═════ Dataset extract

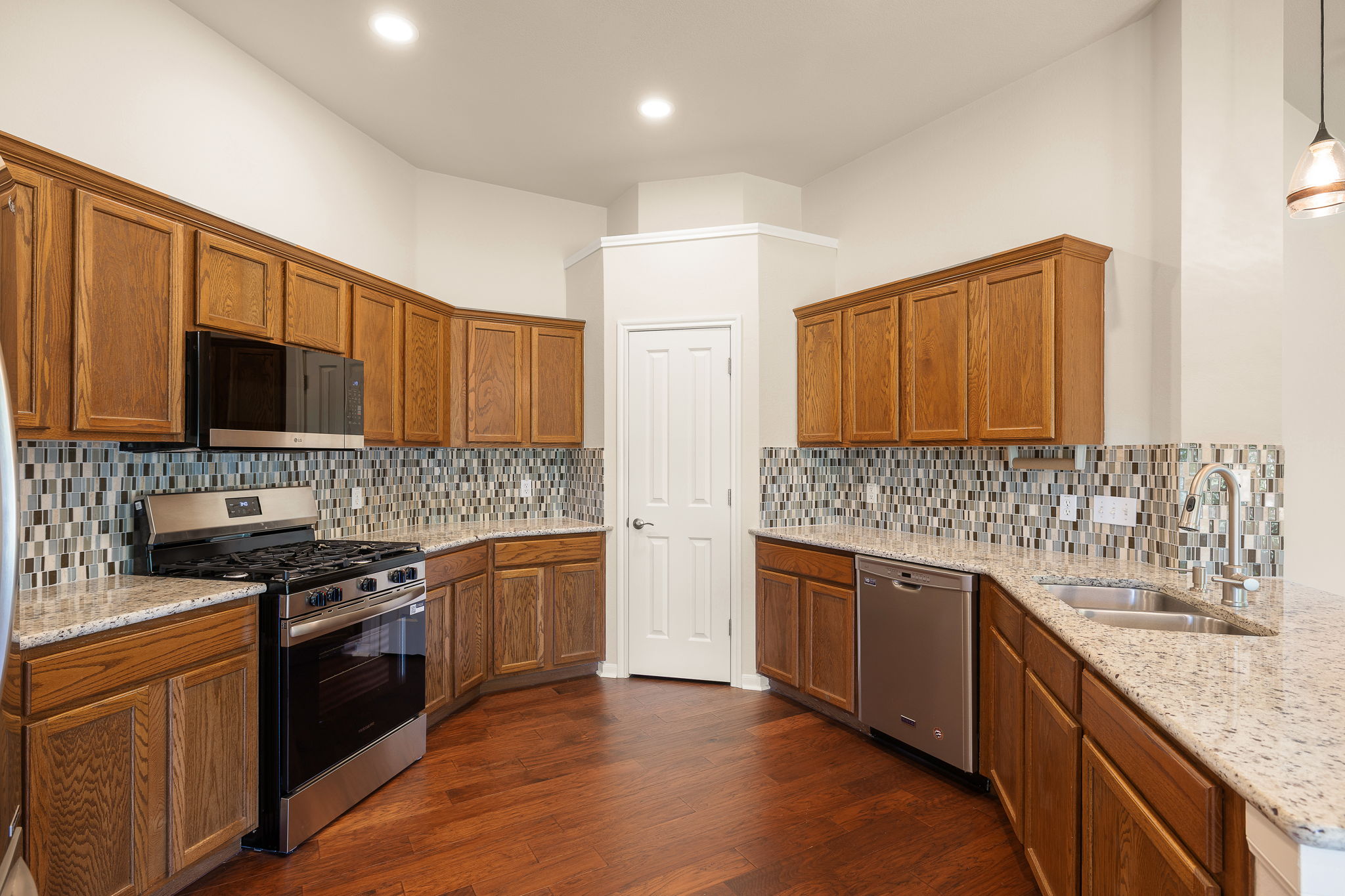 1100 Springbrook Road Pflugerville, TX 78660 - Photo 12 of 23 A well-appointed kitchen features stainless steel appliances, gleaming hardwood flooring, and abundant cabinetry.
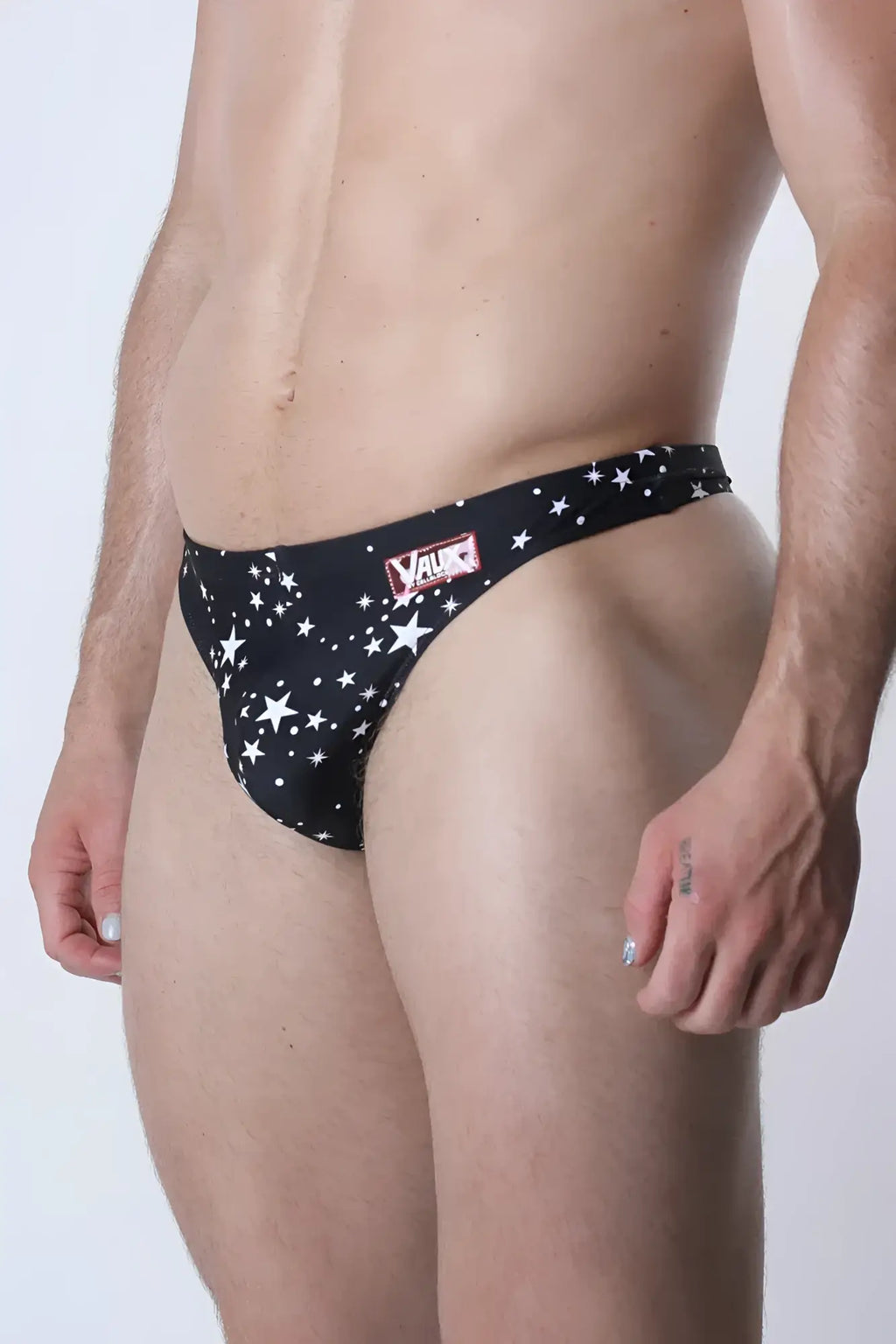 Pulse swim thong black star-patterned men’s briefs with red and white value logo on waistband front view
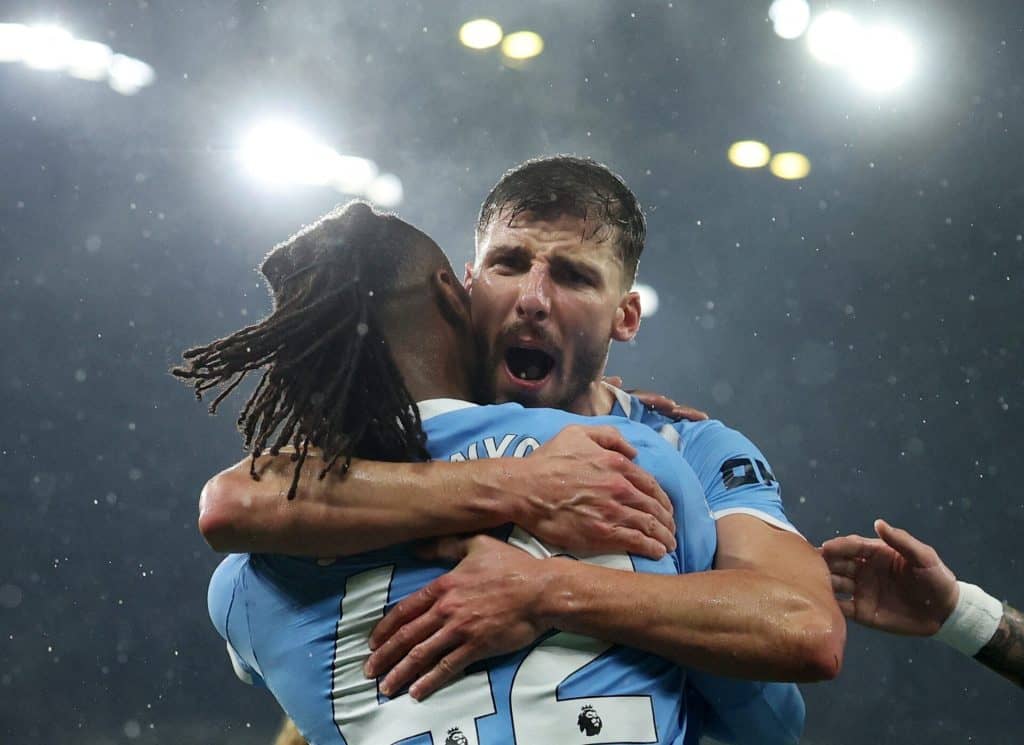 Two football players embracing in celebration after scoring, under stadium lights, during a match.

══════════

**What you need to do**
The listing above is to be retyped word for word, with the pictures omitted.

**Response**
 1100 Springbrook Road Pflugerville, TX 78660 - Photo 12 of 23 A well-appointed kitchen features stainless steel appliances, gleaming hardwood flooring, and abundant cabinetry.
 Pulse swim thong black star-patterned men’s briefs with red and white value logo on waistband front view
 Two football players embracing in celebration after scoring, under stadium lights, during a match.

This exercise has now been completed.